Markets closed at /near their lows after trying to rally as the DJIA closed -78, NAZ -15 and SPX -7.5.

Each and every DJIA component closed red while 11 components of the NAZ 100 and 14 SPX 100 components closed green.

Market internals had a net 700 red on the NYSE and 365 net red on the NAZ.

Sectors in the green included silver, gold, biotech and retail. All else red with the worst groups being gaming, oil, tech and brokers.

AAPL and GOOG closed red while GS was slightly green.

Markets look set for a bounce as the 2 day RSI on the SPX is under 6, DJIA also under 6 and under 2 on the QQQQ.

The VIX/VXO are both trading about 7%/8% above their 10 day SMA's, so no buy signals yet, but a lower open on Monday will probably give the buy signal. I also suspect some of the PM's will show on Monday to put in a little floor under the markets.


Markets continue to trade lower but pivot trades on the DJIA Futures have been fruitful. The dip to the 12,425 area, a bit above the 2nd level of support was buyable for a quick trade back to the 12,455 level, or just under initial support.

Not too confident that it will work for a third time as we may end at/near the lows of the day.

As far as sectors, the metals, retail, and airlines are higher while gaming, brokers, homies, biotech and financials are acting worst.

Market internals are skewed to the downside with red 940 on NYSE and red 470 on the NAZ. I suspect the 10 year Bond falling off a cliff today and yielding 4.62% is skewing the NYSE internals so I am focusing on the NAZ for direction hints.

GOOG AAPL GS are all lower although well off their morning lows as I suspect we get one more rush to the 12,460 level before the day is over and then close lower.


So while watching the markets go lower, all of a sudden an uptick in the NAZ Futures and flat action in the semis and improving market internals.

The DJIA Futures traded down to 12435, about 15 above the 2nd level of support and started moving up. I bought at 12,446 and set a stop a bit under the 2nd level of support at the 12,415 level. SOLD TO SOMEONE AT 12,467 A QUICK 21 POINTS and I am done for the day.


Markets open lower with DJIA -45, NAZ-10 and SPX -5.

There is weakness across most sectors with oils, gaming, brokers, banks, tech and metals doing the worse. Suprisingly retail is higher along with airlines.
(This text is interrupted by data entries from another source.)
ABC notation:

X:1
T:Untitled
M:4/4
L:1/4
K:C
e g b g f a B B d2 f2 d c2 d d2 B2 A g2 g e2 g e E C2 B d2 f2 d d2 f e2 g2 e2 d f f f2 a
Market internals are weak with 1,500 more losers than winners and up to down volume is 300/600.

The 10 year Bond rate is back up to 4.58% as it continue to trade in a range between 4.52 and 4.62%.
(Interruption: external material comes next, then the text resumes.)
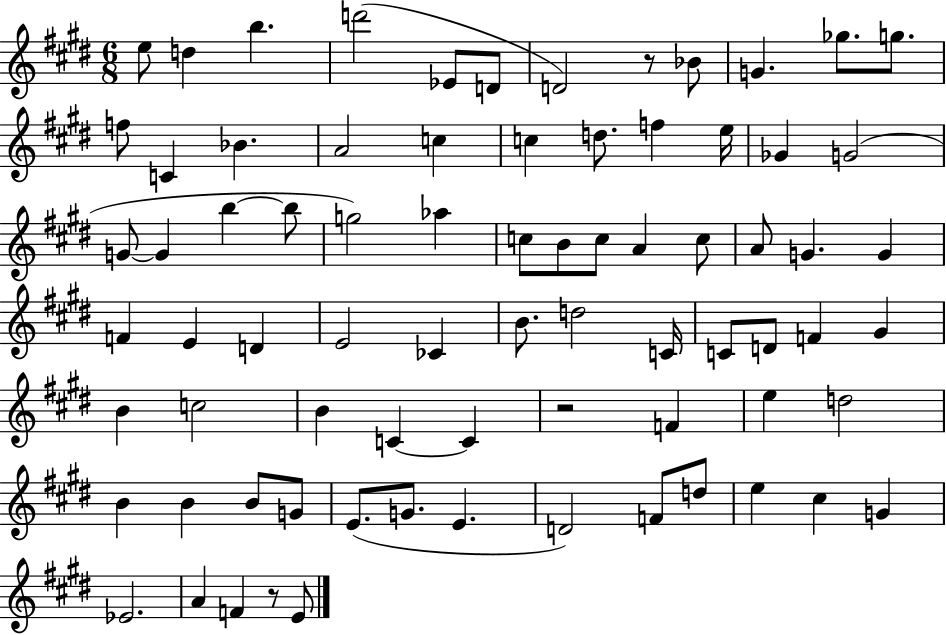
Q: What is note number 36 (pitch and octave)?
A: G4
I have no great insight as I just watch but my instincts tell me that not much is going to happen today.



OIH is struggling again after hitting its head at the 151/152 level it has moved steadily lower. Looks on the chart like the current levels may be a good entry point. Prior resistance was this area so just maybe the buyers will show up here.

Otherwise the markets are unspectacular with major indexes flat and about 850 more stocks higher than lower. Interesting how today the NDX/IWM is outperforming the SPX/DJIA. Overall, I expect a day of chop with not much gained and not much lost and I am out.


One of the reasons for the relative underperformance of the NDX is the action in GOOG. It has fallen from its recent high in mid November near the $510 level to near $455 today. There is a gap on the chart to be filled near the $440 level so that maybe a short term stopping area although it seems to go down every day with decent momentum.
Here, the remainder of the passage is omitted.